This increase was determined by extensive internal analysis, together
with credit loss development projections supplied by Fair, Isaac and Co.,
Inc., a nationally recognized credit consulting firm, and the supporting
opinion of Ernst & Young LLP, the company s independent auditors. At year-end
1995, the allowance for finance receivable losses will be approximately $482
million, or 5.9% of receivables, compared to $226 million, or 2.9% of
receivables at year-end 1994. The increased allowance represents the
company s best estimate of the net credit losses on outstanding finance
receivables.
The comprehensive analysis of the finance receivable portfolio and the
corresponding increase in the allowance during the fourth quarter was in
response to the unexpected rise in delinquencies beginning in the third
quarter of 1995. At year-end 1995, 60-day+ delinquencies are estimated to be
4.1% of receivables, compared to 3.8% at September 30, 1995, 3.0% at June 30,
1995, and 2.9% at December 31, 1994.
American General Finance recognizes that its strength is in its
traditional branch office network.

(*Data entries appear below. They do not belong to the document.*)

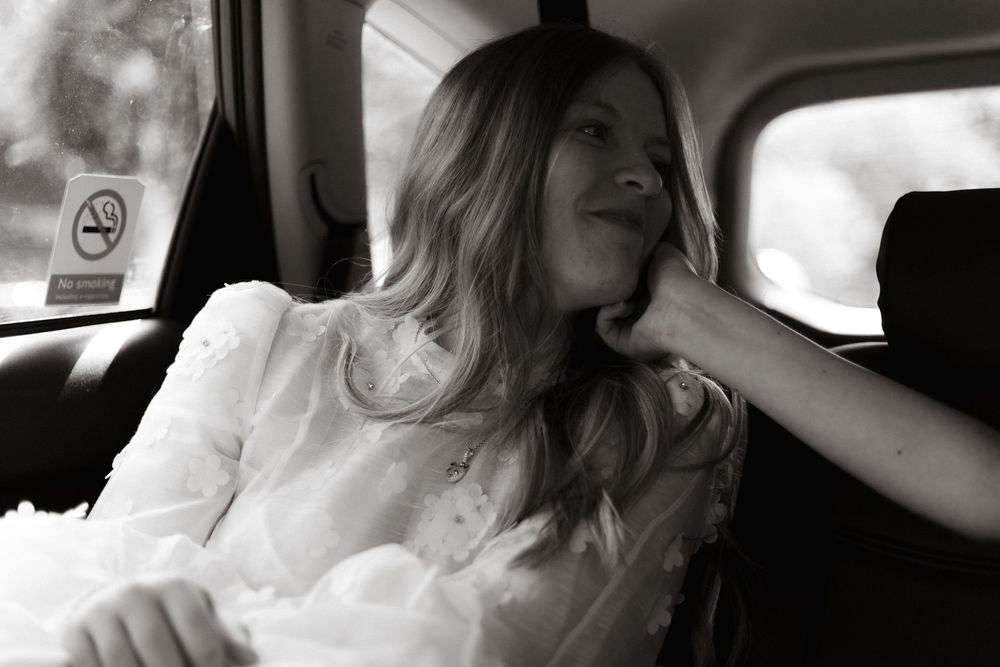 Black and white photo sequence showing changing laughing expressions in the passenger seat of a car.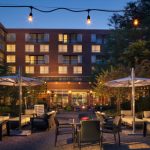 Modern brick apartment building exterior at dusk with outdoor patio seating and string lights.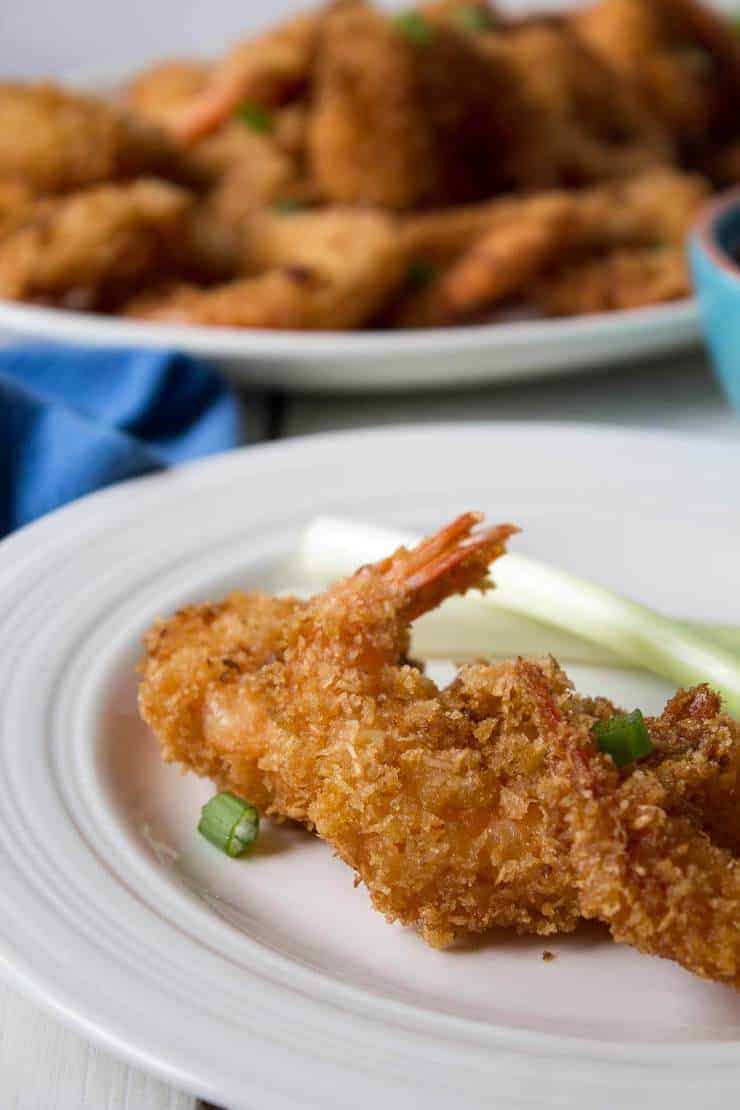 Shrimps served on a small white plate.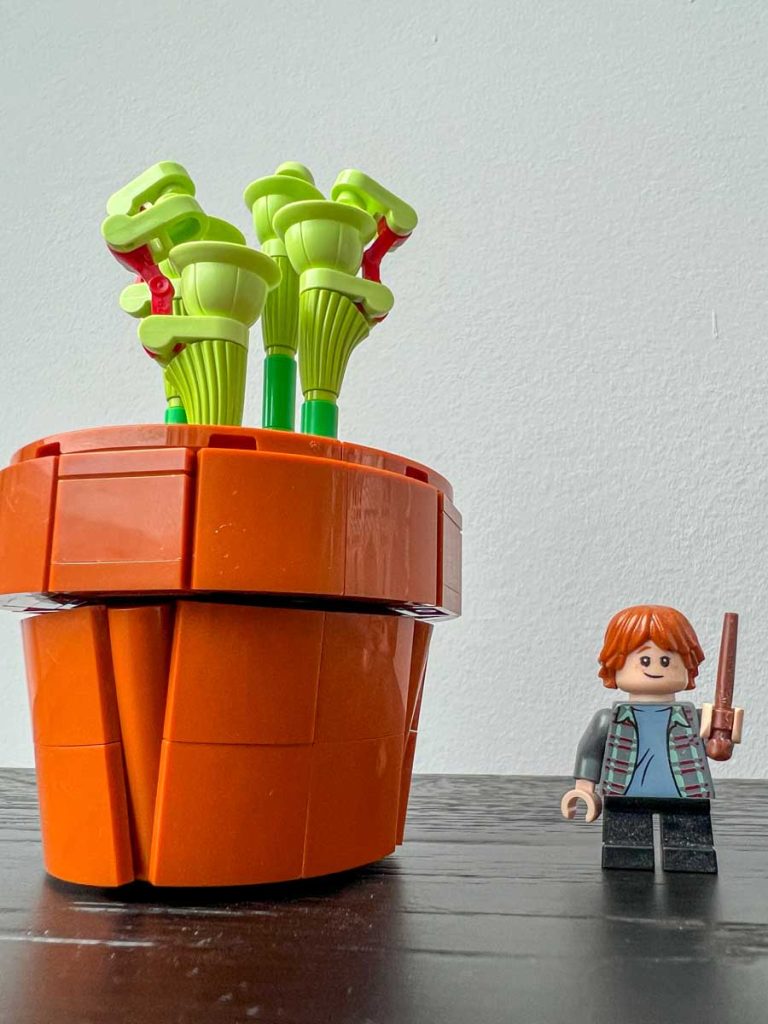 A carnivorous pitcher plant made of Lego bricks from the Lego Tiny Plants set (10329). Ron Weasley Granger minifigure for scale.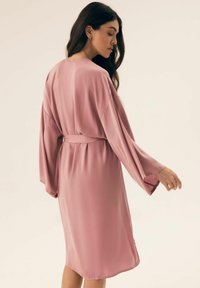 Różowy satynowy szlafrok z szerokimi rękawami, z paskiem w talii i długości do kolan, charakteryzujący się gładką fakturą i prostym wzornictwem.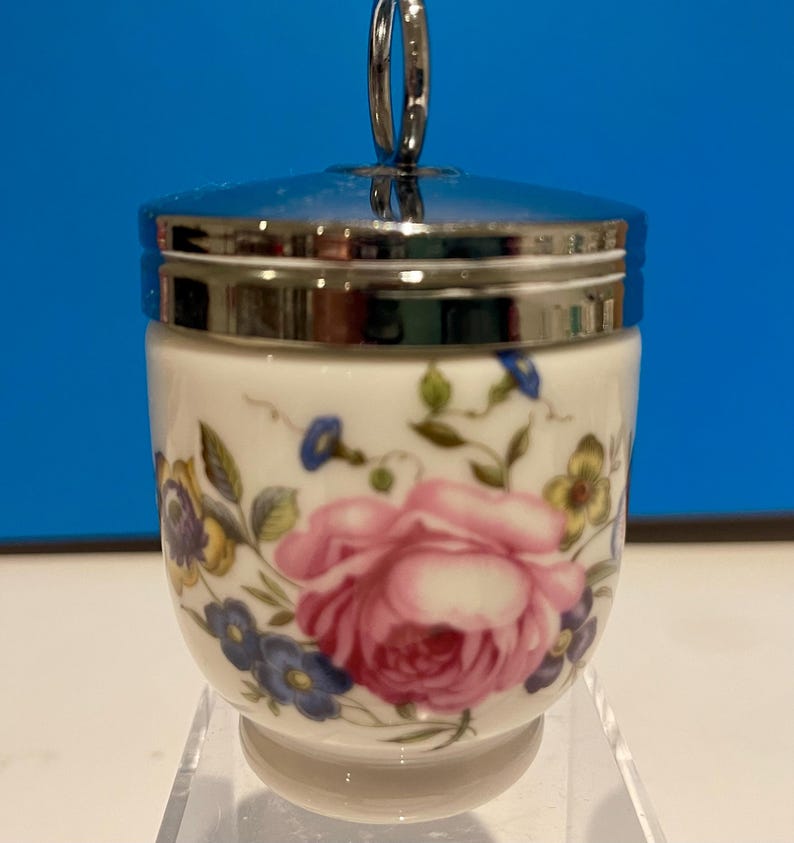 May include: A white porcelain egg cup with a floral design featuring pink, blue, and yellow flowers. The egg cup has a silver lid with a loop handle.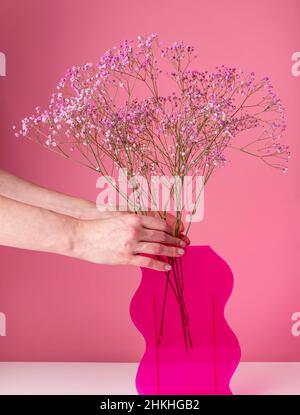 Hände setzen getrocknete Blumen Büschel in Vase. Valentinstag-Konzept. Frau Dekoration Haus mit floralen Komposition. Hochwertige Fotos Stockfoto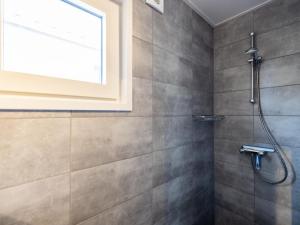 a bathroom with a shower with a window at Sluisje 55 in Kuinre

Non-branch initiatives of the last few
years have generated high receivables growth. These initiatives, however,
were followed by an unacceptable rise in delinquencies. The non-branch
initiatives have been analyzed and the underperforming programs have been
restructured or discontinued. Management believes the increase in the
allowance and the other actions taken address the overall credit quality issue
and position the company to return to the levels of earnings achieved over the
last few years.
To support the increased allowance and reflect its commitment to
American General Finance as one of its core businesses, American General
Corporation contributed $80 million of internally generated capital to
American General Finance in December 1995. This contribution was to enable
American General Finance Corporation to maintain leverage below its target
level of 6.5 to 1 debt to tangible net worth.
The company expects to report fourth quarter and preliminary year-end
1995 results on Monday, January 29, 1996.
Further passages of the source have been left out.